Good. It seems that tar did the job well, and took whatever binary stuff is in the file names in the .zip file, and put it into the file names (more on that below). You might try unzip instead of tar, but I bet it will make no difference.

The encoding on my system is the same as the language used to name the files.

But I worry that the OP may be literally running with his encoding set to "xy", which might have fascinating side effects

Click to expand...

Srysly? I'm dumb but not that dumb.

Good. Sorry about accusing you of running in the (so far unknown) xy language, but you never know.

Code:
I manually fixed the names of the jpg files using original charset, but when listing folder contents I would see this:

Code:

-rw-r--r-- 1 me wheel 2220 Feb 19 15:03 insta-xyYX.png (invalid encoding)

It turns out, that was Nautilus' doing.

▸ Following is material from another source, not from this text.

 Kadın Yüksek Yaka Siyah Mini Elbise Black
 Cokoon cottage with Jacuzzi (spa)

When I manually changed the names it took the liberty to tag the (invalid encoding) bit of text to the tail of the file name. Nice.

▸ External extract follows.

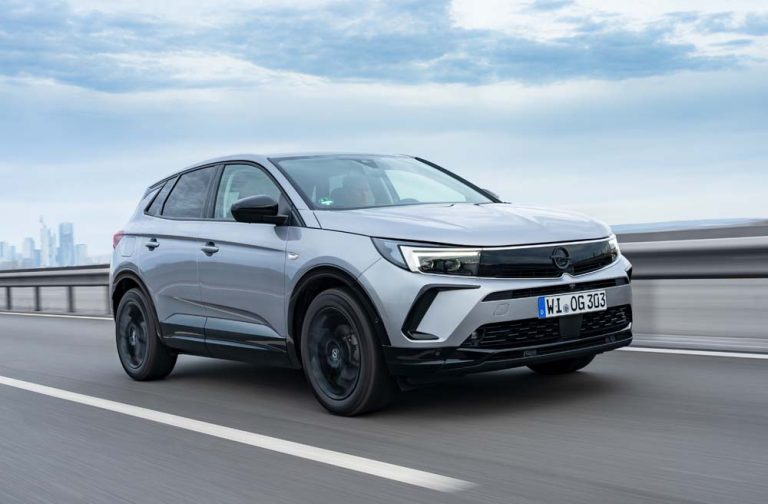 Opel Grandland Hybrid: menos consumo y etiqueta ECO de la DGT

Actually, from its (demented) viewpoint that even makes some sense. You are running in an UTF-8 based encoding (your locale is xy-xy.utf8). Nautilus (like many other programs) thinks that file names are strings, and therefore they must be handled using unicode-based encoding routines. Sadly, they are not "strings" in the sense of normal string processing, since you have no idea what encoding they are in. So Nautilus' internal string conversion routines do the next best thing.

Code:
Since the previous files have been modified, this was run on a fresh untar of the original zip file, and since the list is long, just a sample of the problem files should suffice:
find . -name "fsquare*" -type f -print0 | hexdump -C

Code:

00000000 2e 2f 66 73 71 75 61 72 65 2d 9f 69 9f 68 6f 75 |./fsquare-.i.hou| ... 0000008f

And here is the problem: I see the hyphen in fsquare*-* (hex 2d), and the next character after it is hex 9F. Unfortunately, that is neither a valid 8859-1 character, nor a valid UTF8 encoding. I just tried using the Python UTF8 decoder on "9f 69", and it blows up on the 9f, saying "UnicodeDecodeError: 'utf8' codec can't decode byte 0x9f in position 0: invalid start byte". So we know that the string is encoded in something which is not UTF-8.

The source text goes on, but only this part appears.